Lei contra fé (v. 14-25)

Chega quase a parecer que, nesse processo judicial da carta aos Romanos, Paulo teve de convencer os jurados da inocência do réu. Assim, ele diz: “Pois, se os da lei é que são os herdeiros, anula-se a fé e cancela-se a promessa” (Rm 4.14).

Com isso ele quer dizer que, se eu pudesse conquistar minha redenção por meio da observância da lei, Deus estaria em dívida comigo! Sim, se eu me tornasse herdeiro do céu pela observância da lei, eu mereceria o céu. Impossível!

Honestamente, qual é, afinal, o efeito da lei? “Porque a lei suscita a ira...” (Rm 4.15). A lei de Deus me posiciona sob a ira de Deus porque com isso se manifesta a santidade de Deus e, desse modo, também a minha plena pecaminosidade.

E as pessoas sem lei?

Paulo também considera esse aspecto e escreve: “... mas onde não há lei, também não há transgressão” (Rm 4.15b). Acaso não haveria pecado ou transgressão onde não existe uma lei divina revelada? Olhando melhor, temos de dizer: Adão caiu mesmo sem a lei de Moisés. A morte veio como salário do pecado, mesmo sem a lei do Sinai.

Com seu questionamento, Paulo quer nos mostrar com toda a clareza: com ou sem lei somos incapazes; com ou sem lei não temos como conquistar o céu. O que precisamos é graça. Precisamos da intervenção de Deus. Em nosso estado de perdidos, só ele pode nos tirar da nossa pecaminosidade por meio da sua iniciativa salvadora.

É só por meio da fé que entraremos no céu, e, para comprovar isso, Paulo encerra o assunto: “Essa é a razão por que provém da fé, para que seja segundo a graça, a fim de que a promessa seja garantida para toda a descendência, não somente à descendência que está no regime da lei, mas também à descendência que tem a fé que Abraão teve – porque Abraão é pai de todos nós, como está escrito: ‘Eu o constituí por pai de muitas nações’ – diante daquele em quem Abraão creu, o Deus que vivifica os mortos e chama à existência as coisas que não existem” (Rm 4.16-17; Gn 17.5).

Pai de muitos por meio da fé

Por meio da fé, Abraão respondeu ao chamado de Deus e se pôs a caminho. Sim, Abraão creu em Deus e o incluiu conscientemente em sua vida. Assim Abraão tornou-se não só o patriarca de Israel, mas também o pai espiritual de todos os que creem em Jesus Cristo!

Pela natureza era impossível Abraão e Sara terem descendentes para com isso se apossar da promessa, mas pela fé Abraão fez o que pôde: “Abraão, esperando contra a esperança, creu, para vir a ser pai de muitas nações, segundo lhe havia sido dito: ‘Assim será a sua descendência’” (Rm 4.18; Gn 15.5).

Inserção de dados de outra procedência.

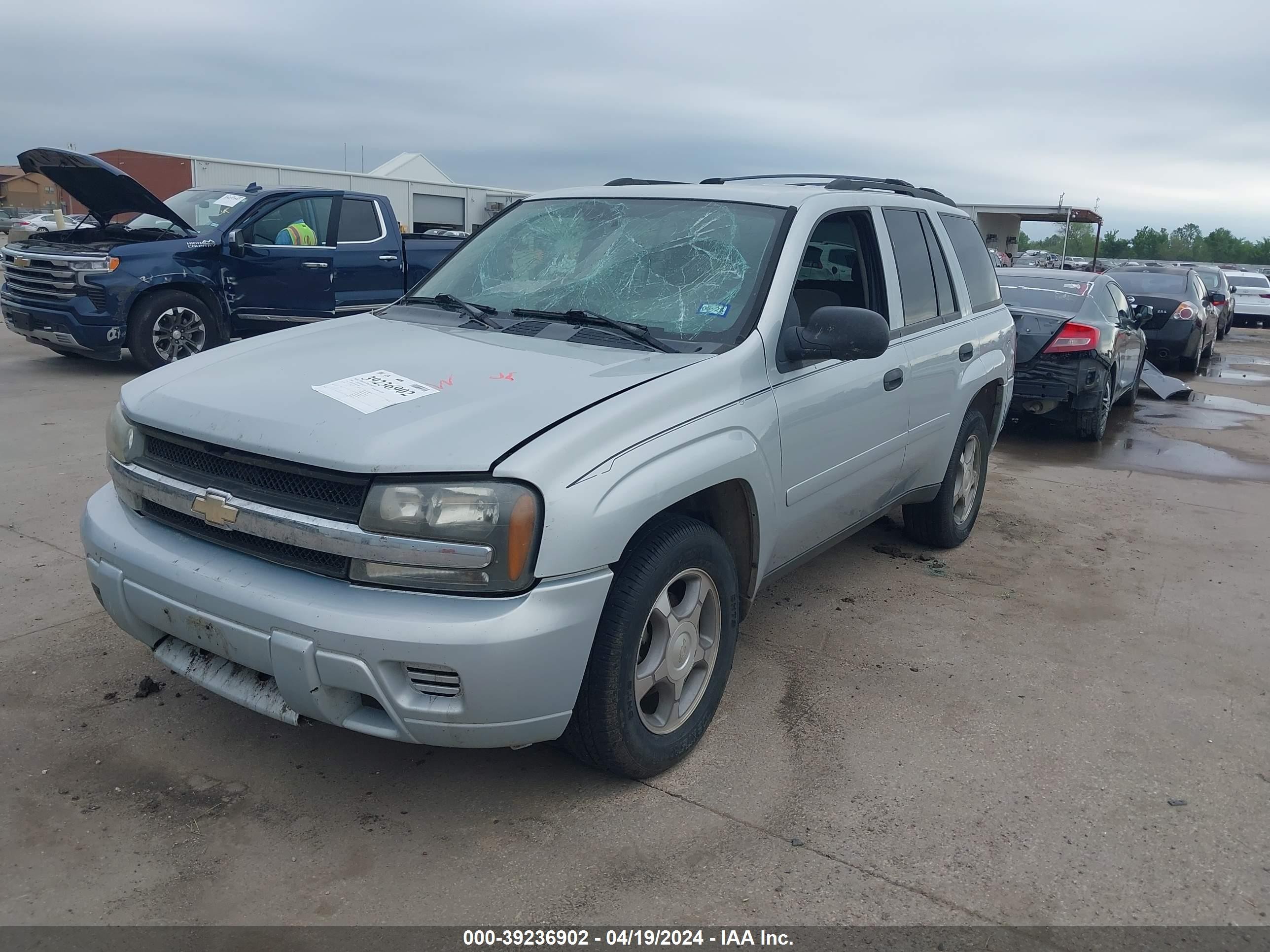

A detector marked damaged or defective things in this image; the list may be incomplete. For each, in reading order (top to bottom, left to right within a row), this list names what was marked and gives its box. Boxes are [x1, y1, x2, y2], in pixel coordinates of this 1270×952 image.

cracked glass on windshield [406, 198, 782, 347]
shattered windshield [409, 197, 782, 342]
damaged dark sedan [1000, 270, 1153, 442]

Abraão depositou toda a sua esperança naquele que não pode mentir. Assim, Abraão contou com o sobrenatural, com a intervenção de Deus mesmo em situações sem saída, crendo mesmo onde, do ponto de vista humano, não havia mais esperança.

Quantas vezes Abraão tropeçou nessa trajetória! Ainda assim, a Bíblia diz sobre ele: “E, sem enfraquecer na fé, levou em conta o seu próprio corpo já amortecido, tendo ele quase cem anos, e a esterilidade do ventre de Sara” (Rm 4.19).

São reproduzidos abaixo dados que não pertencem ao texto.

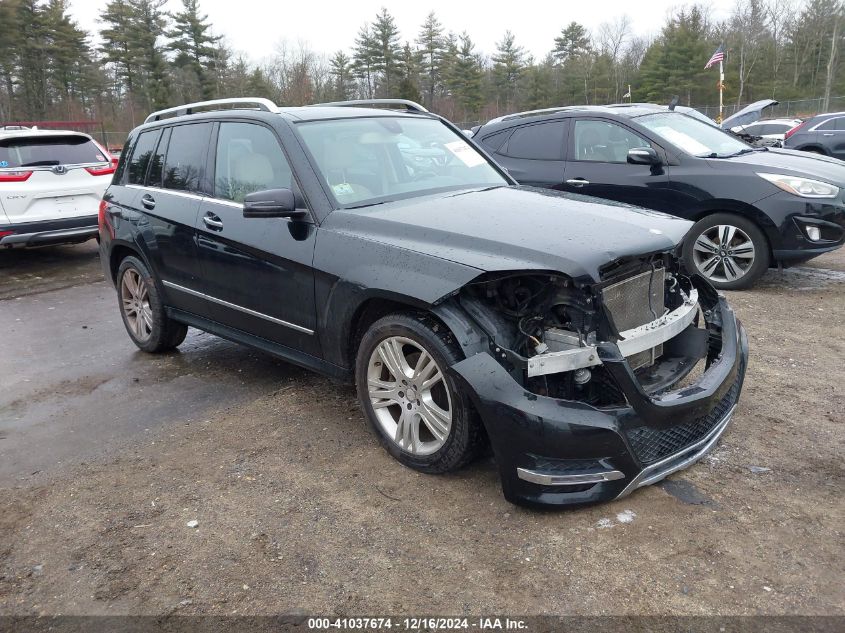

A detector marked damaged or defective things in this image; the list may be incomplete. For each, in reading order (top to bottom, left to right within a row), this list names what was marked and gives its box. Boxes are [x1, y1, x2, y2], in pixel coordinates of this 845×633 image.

Apesar de todas as derrotas e debilidades humanas, Abraão se manteve fiel à promessa de Deus e com isso se fortaleceu (Rm 4.20). No fim das contas, só importava uma coisa: a fé na promessa de Deus. A esta o céu se abre para levar a um fim glorioso: “Assim, também isso lhe foi atribuído para justiça. E as palavras ‘lhe foi atribuído’ foram escritas não somente por causa dele” (Rm 4.22-23).

Assim como foi para Abraão, também a nós a justiça divina será atribuída por meio da fé, “a nós que cremos naquele que ressuscitou dentre os mortos a Jesus, nosso Senhor, o qual foi entregue por causa das nossas transgressões e ressuscitou para a nossa justificação” (Rm 4.24-25).

Samuel Rindlisbacher é ancião da igreja da Chamada na Suíça e foi fundamental no desenvolvimento do grande ministério de jovens dela.